Al igual que muchos de sus colegas, Nava obtuvo
una beca para estudiar en París, de 1897 a 1910. Participó en la exposición de
los alumnos de la ENBA en el Centenario de la Independencia, acontecimiento
significativo porque hizo evidente la compatibilidad de la pintura con la
escultura, como registro de una misma sensibilidad. Perteneció al grupo de
artistas que el gobierno de Porfirio Díaz acogió como corriente oficial para difundir
internacionalmente la imagen de un país dirigido a la modernidad en la llamada Belle
Époque. Dentro de la tendencia iniciada por escultores como Enrique Guerra
unos años antes, el erotismo de esta pieza captura la atmósfera decadentista de
fin de siglo al utilizar el cuerpo femenino como metáfora del deseo que conduce
a la perdición.

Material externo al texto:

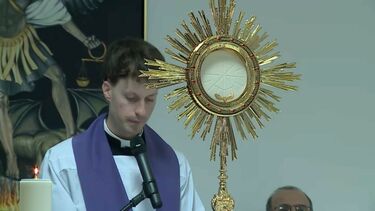 Diocese de Aveiro envia email aos paroquianos a denunciar que Francisco Marques não é padre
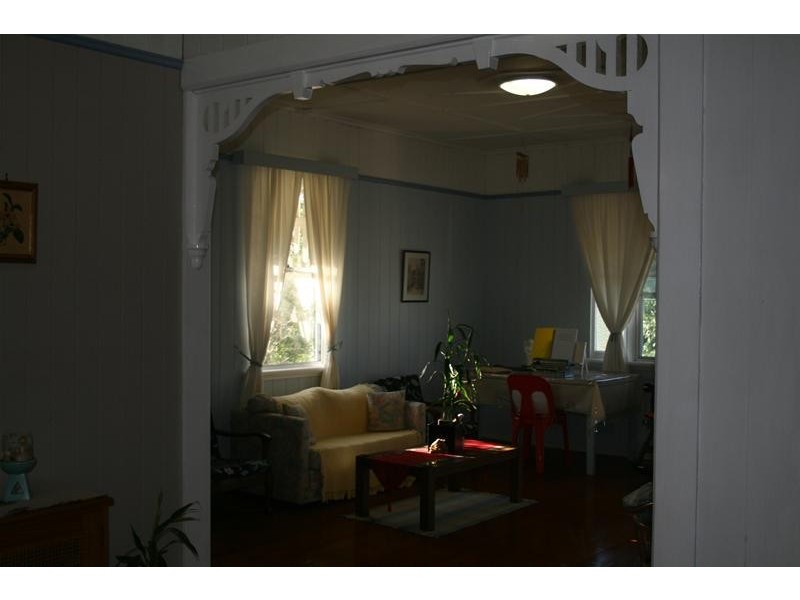 22 Clive Street, Annerley QLD 4103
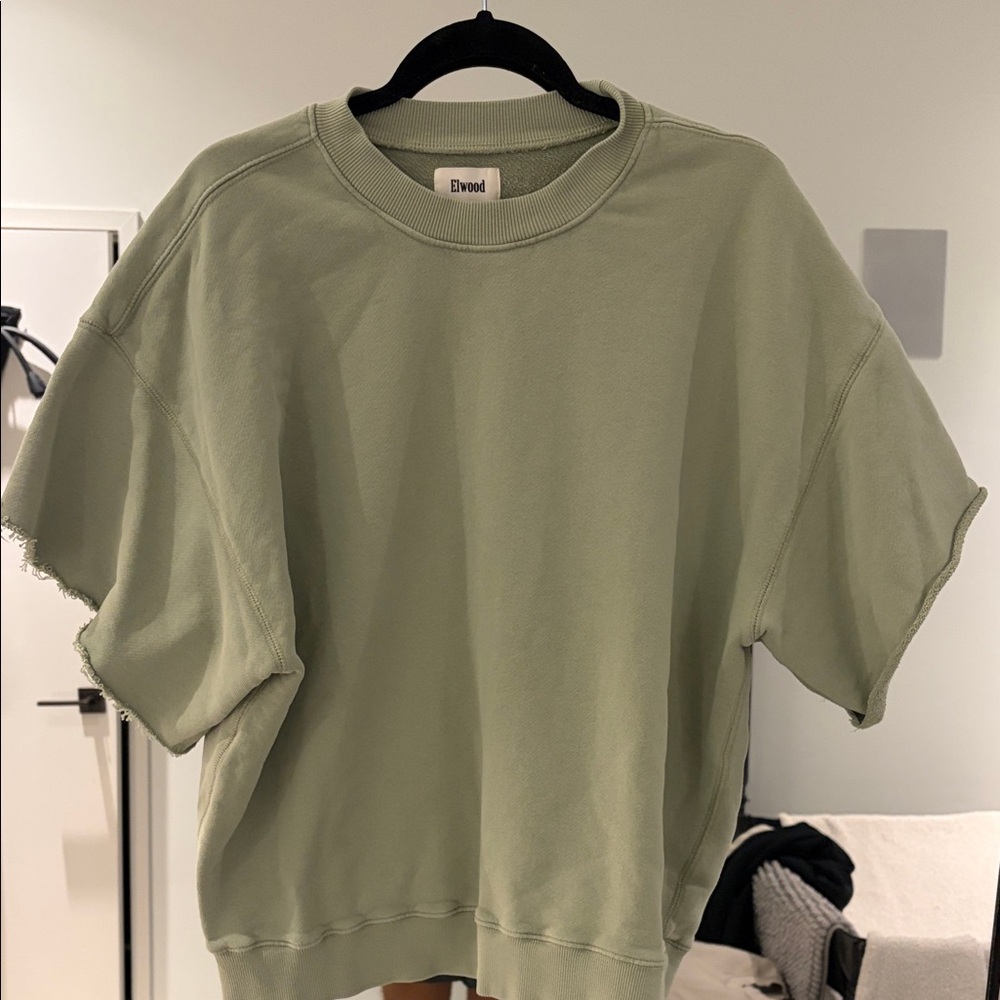 Elwood Men’s Sage Green Sweater Tee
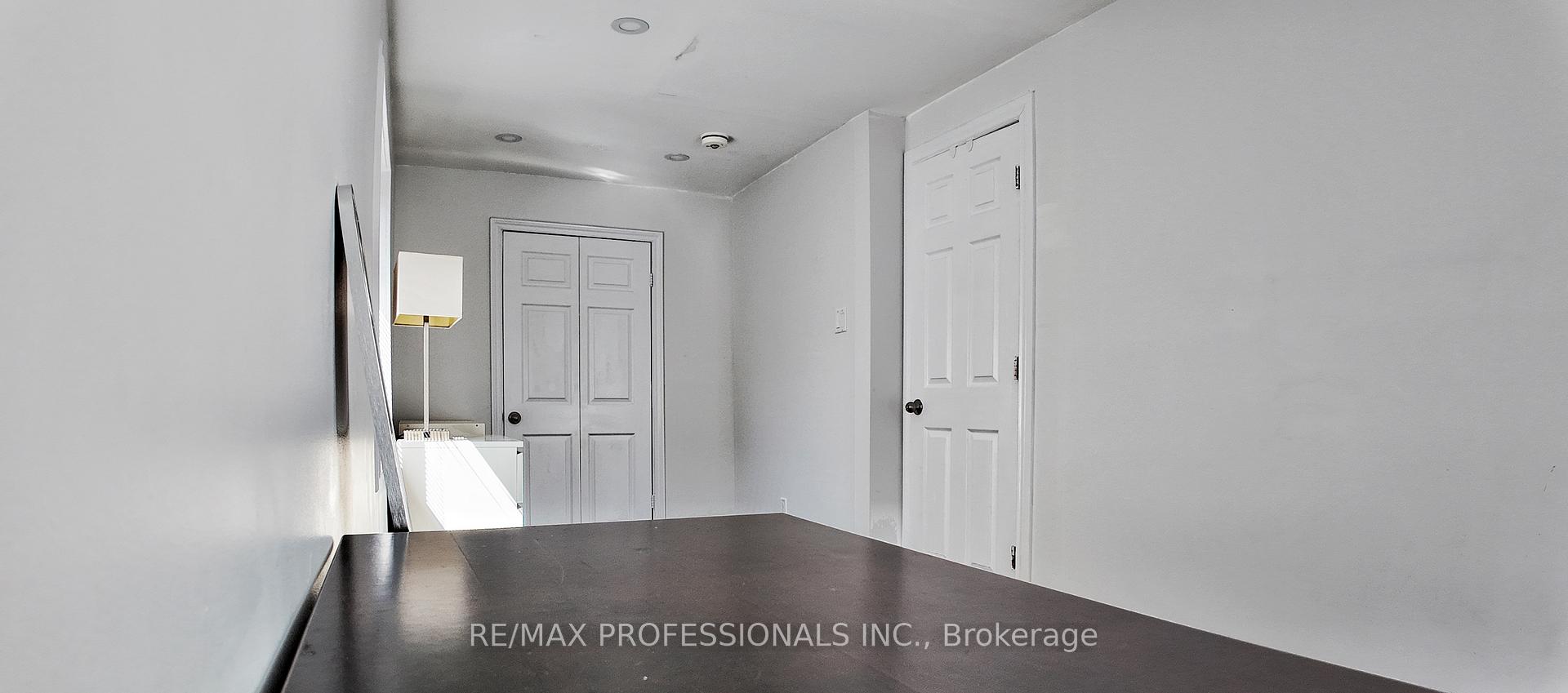 Photo 10 of Unit B, 5 Farmbrook Road, Scarborough, Woburn — HOMEH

Este tipo de esculturas se convirtieron en refugio de las
pasiones consideradas tabú en una época moralista que sólo aceptaba el desnudo justificado
a partir de la simbología artística. El cuerpo de esta mujer, que envuelve un
misterio fascinante por su belleza, encarna la idea de la mujer fatal. En la
tradición iconográfica, la llamada femme fatale se asocia con personajes
bíblicos como Salomé y Judith o mitológicos como Helena de Troya y Circe; sin
embargo, el autor la libera de tiempo y espacio para otorgarle una mera
condición femenina sin mayor especificidad. El marcado contraste entre
superficies lisas y ásperas muestra las calidades táctiles y expresivas del
mármol. La técnica de extracción empleada, consistente en la eliminación del
exceso de material con martillos, cinceles y escalpelos, es característica del
proceso empleado por Miguel Ángel (1475-1564) para ejecutar sus figuras prisioneras
que sólo logran liberarse parcialmente de la roca. Asimismo, resulta evidente
la tendencia creada por Auguste Rodin (1840-1917), al extraer su anatomía de la
piedra y enfatizar, de este modo, la sensación de estar inconclusa. La pieza
ingresó al MUNAL como donación de Fidencio Nava Saavedra en 1990.